Tuesday, April 5, 2011

A student urges their State Rep to support House Bill 106

Here is an excerpted portion of a letter drafted by a student for sending to their representative in the Illinois General Assembly.  I've included some of my comments after the letter.

I am here to tell to you about the House Bill 0106. This bill is trying to save programs that help substance abusers who are not able to get Medicaid. I believe that it is a good idea to pass this bill. If you end up cutting the funding for these programs, you will end up sending these substance abusers back to homes that are not safe places for them to get clean. Without the programs, they do not have a place that is acceptable for them to get the help they need, and they will begin to turn back to their old ways and use, which is putting others in harm’s way. This could eventually send these users into our neighborhoods, to break into our houses, and steal our things to get what they need. As I see it, by cutting these programs not only are we influencing them to continuing doing the things they are doing by saying they are not important enough to keep their programs, but this also is allowing them to have more opportunities to raise the crime until they get the things they need.

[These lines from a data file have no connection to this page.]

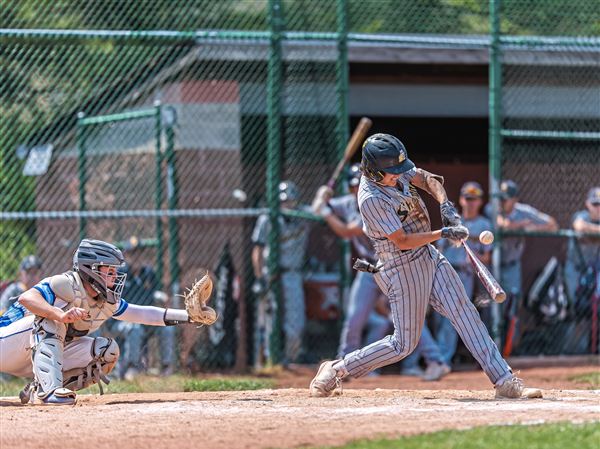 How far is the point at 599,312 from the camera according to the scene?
1235cm

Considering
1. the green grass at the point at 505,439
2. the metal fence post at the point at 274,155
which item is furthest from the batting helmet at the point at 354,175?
the green grass at the point at 505,439

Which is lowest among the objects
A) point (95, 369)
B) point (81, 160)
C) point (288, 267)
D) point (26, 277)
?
point (95, 369)

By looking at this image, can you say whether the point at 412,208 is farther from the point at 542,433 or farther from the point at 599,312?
the point at 599,312

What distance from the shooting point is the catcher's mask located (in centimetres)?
712

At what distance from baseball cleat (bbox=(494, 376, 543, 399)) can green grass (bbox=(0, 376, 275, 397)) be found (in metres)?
2.48

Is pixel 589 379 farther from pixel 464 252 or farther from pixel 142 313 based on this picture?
pixel 142 313

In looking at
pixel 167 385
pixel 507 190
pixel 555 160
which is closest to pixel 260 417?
pixel 167 385

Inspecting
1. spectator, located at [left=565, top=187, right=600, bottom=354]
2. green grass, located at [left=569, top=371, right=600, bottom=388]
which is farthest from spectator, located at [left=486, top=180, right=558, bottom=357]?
green grass, located at [left=569, top=371, right=600, bottom=388]

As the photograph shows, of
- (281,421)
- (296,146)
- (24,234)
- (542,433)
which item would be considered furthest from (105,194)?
(542,433)

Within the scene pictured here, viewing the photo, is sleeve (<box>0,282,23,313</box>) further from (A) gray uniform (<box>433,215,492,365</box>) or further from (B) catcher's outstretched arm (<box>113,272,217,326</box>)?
(A) gray uniform (<box>433,215,492,365</box>)

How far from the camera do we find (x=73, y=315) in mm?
6902

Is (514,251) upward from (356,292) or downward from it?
upward

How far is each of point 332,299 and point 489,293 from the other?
490cm

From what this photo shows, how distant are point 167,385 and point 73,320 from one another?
6.91 ft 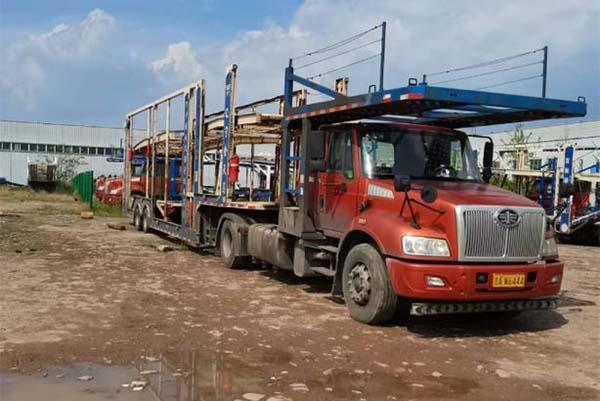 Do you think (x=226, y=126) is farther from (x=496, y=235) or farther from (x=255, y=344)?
(x=496, y=235)

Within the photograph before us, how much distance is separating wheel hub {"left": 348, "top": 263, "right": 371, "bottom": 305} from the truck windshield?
122 centimetres

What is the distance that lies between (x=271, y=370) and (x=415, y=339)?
78.9 inches

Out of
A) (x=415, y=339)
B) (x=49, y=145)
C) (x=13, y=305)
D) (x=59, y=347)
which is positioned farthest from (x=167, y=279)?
(x=49, y=145)

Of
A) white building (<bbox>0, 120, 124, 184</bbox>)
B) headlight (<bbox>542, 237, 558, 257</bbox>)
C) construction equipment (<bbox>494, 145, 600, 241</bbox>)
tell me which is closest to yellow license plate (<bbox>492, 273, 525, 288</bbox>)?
headlight (<bbox>542, 237, 558, 257</bbox>)

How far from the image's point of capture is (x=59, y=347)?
19.9ft

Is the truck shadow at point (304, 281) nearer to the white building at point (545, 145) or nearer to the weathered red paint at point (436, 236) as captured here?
the weathered red paint at point (436, 236)

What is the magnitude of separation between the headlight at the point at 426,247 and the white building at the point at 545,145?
15035 mm

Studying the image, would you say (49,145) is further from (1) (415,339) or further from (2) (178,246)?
(1) (415,339)

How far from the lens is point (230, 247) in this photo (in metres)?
11.7

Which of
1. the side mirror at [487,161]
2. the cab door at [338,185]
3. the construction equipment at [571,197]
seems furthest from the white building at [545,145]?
the cab door at [338,185]

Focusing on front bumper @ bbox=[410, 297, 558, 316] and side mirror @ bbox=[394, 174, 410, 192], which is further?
side mirror @ bbox=[394, 174, 410, 192]

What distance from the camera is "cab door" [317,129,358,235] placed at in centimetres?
819

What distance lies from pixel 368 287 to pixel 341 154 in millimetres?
1998

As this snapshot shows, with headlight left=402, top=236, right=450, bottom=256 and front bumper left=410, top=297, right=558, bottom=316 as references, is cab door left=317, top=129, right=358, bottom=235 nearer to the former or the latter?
headlight left=402, top=236, right=450, bottom=256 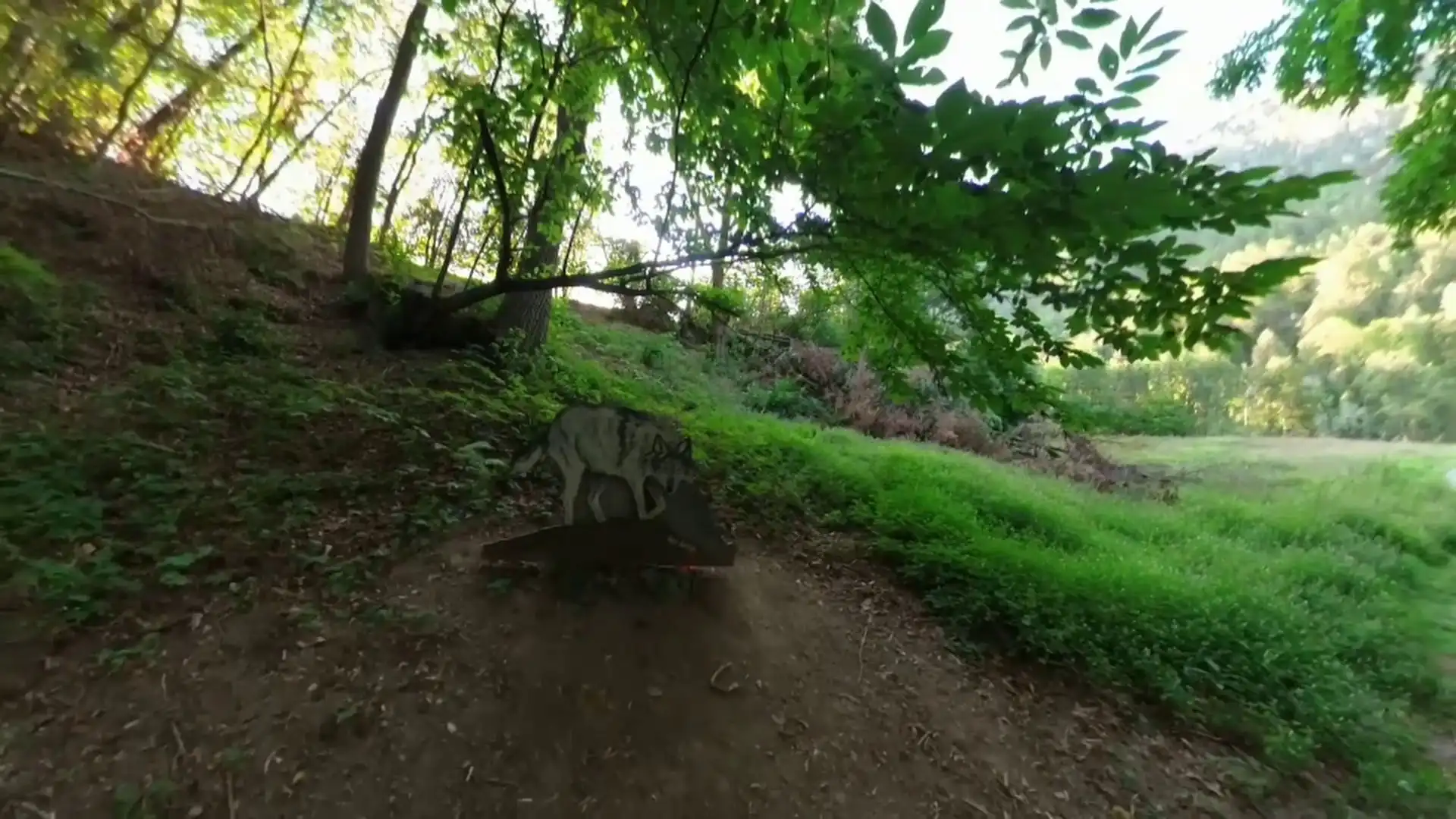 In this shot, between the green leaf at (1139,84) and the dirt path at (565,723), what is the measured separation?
2797 mm

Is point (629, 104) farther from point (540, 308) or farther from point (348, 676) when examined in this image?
point (348, 676)

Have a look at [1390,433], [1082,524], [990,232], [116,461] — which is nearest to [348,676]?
[116,461]

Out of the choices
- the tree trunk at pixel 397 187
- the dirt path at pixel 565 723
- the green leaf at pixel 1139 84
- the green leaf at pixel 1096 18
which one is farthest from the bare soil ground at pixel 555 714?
the tree trunk at pixel 397 187

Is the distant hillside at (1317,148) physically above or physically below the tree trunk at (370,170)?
above

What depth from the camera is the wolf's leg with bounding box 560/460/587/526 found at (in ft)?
11.7

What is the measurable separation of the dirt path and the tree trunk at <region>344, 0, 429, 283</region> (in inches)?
181

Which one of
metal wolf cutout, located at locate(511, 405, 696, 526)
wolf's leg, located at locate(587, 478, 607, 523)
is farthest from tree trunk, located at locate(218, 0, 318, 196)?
wolf's leg, located at locate(587, 478, 607, 523)

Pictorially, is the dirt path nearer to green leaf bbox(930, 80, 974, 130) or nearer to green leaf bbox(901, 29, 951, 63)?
green leaf bbox(930, 80, 974, 130)

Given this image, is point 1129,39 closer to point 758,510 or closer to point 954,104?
point 954,104

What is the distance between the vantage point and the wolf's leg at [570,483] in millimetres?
3580

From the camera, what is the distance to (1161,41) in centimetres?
231

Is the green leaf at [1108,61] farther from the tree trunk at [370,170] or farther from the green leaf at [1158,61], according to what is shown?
the tree trunk at [370,170]

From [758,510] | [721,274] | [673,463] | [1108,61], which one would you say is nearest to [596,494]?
[673,463]

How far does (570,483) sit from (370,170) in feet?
16.0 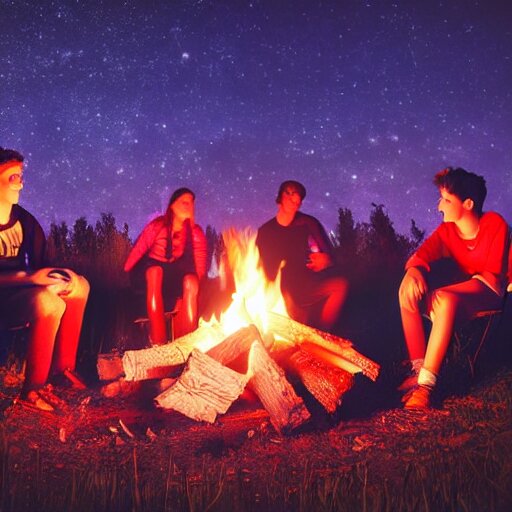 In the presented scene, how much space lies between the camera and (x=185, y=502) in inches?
103

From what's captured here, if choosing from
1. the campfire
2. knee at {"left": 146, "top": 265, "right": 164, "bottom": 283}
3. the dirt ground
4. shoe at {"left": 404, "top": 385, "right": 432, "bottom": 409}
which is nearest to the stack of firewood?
the campfire

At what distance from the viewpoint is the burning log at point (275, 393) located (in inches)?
159

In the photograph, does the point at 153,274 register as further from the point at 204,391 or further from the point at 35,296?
the point at 204,391

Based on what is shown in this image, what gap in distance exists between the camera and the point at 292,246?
6.36 meters

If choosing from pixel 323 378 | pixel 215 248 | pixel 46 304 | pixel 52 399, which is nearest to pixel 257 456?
pixel 323 378

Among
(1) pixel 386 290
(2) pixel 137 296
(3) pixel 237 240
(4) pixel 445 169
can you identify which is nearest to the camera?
(4) pixel 445 169

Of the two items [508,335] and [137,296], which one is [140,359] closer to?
[137,296]

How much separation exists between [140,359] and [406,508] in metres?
2.86

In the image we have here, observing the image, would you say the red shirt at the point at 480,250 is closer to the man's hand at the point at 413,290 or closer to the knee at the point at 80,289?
the man's hand at the point at 413,290

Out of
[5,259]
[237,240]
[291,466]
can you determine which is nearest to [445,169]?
[237,240]

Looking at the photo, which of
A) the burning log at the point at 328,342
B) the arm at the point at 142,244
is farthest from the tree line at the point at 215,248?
the burning log at the point at 328,342

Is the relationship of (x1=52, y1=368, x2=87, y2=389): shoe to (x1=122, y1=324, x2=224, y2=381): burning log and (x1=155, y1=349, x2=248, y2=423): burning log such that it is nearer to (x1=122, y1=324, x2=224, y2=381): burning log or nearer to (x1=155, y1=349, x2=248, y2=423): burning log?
(x1=122, y1=324, x2=224, y2=381): burning log

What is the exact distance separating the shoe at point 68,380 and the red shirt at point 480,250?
3521 mm

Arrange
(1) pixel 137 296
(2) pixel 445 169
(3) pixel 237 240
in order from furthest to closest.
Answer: (1) pixel 137 296 < (3) pixel 237 240 < (2) pixel 445 169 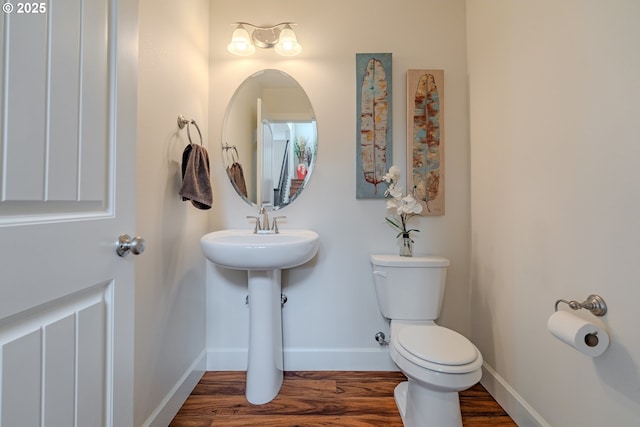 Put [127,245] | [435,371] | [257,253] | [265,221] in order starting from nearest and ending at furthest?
[127,245] → [435,371] → [257,253] → [265,221]

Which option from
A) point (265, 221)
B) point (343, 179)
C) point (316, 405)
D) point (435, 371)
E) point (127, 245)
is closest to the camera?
point (127, 245)

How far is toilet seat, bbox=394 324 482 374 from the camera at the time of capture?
100 cm

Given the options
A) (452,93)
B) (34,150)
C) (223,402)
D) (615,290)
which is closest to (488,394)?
(615,290)

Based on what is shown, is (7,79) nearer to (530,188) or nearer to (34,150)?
(34,150)

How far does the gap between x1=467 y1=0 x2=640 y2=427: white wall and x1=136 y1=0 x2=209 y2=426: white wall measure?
63.2 inches

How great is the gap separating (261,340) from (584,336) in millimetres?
1280

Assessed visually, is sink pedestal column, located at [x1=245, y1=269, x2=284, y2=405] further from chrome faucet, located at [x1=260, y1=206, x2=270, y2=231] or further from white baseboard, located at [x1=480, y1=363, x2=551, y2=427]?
white baseboard, located at [x1=480, y1=363, x2=551, y2=427]

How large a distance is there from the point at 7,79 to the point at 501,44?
1821mm

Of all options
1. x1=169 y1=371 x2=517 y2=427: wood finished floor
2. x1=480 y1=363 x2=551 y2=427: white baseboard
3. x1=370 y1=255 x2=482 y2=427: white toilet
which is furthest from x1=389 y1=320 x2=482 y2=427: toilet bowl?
x1=480 y1=363 x2=551 y2=427: white baseboard

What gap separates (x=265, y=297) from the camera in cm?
139

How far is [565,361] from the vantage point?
100 cm

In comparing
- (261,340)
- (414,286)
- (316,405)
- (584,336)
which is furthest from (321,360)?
(584,336)

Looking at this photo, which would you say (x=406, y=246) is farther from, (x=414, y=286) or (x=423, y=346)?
(x=423, y=346)

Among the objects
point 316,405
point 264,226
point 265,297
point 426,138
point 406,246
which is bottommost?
point 316,405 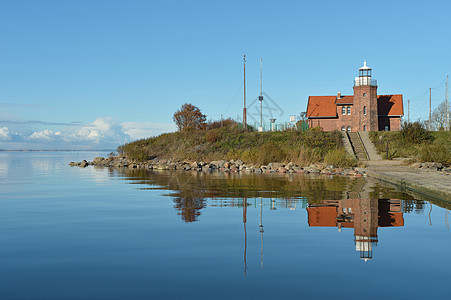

Not only will drastically cutting drug treatment programs increase the number of crimes committed, it will also increase the amount of money we pay out, because as stated in HB-0106, it only takes about $4,500 dollars to put a person through treatment, but it takes almost $22,000 dollars to put the same person in jail. So, just think how much that number is going to sky-rocket if we drop the programs that are trying to keep the people healthy and trying to prevent the crimes from occurring. 

Not only is this causing problems for the people with substance abuse problems, but it also creates a problem for the people who have a job in this field to help the people with substance abuse problems. In cutting these programs, it further increases the hardship our state is having in finding jobs for everyone. This cut puts over 5,000 people out of jobs. This is something that is going to further increase the problem with people receiving unemployment. So, in cutting these substance abuse programs our state is not only hurting the people we are suppose to help, but we are also hurting the community that we live in. The more programs we cut the more jobs we lose, and the more jobs we lose, the more people begin to depend on unemployment, which then presents us with the worsening problem of how do we begin to help both the newly unemployed human services worker and the people who formerly received human services. House Bill 106 restores the funding to drug treatment programs, and will help us avoid these problems.  I want you to support it.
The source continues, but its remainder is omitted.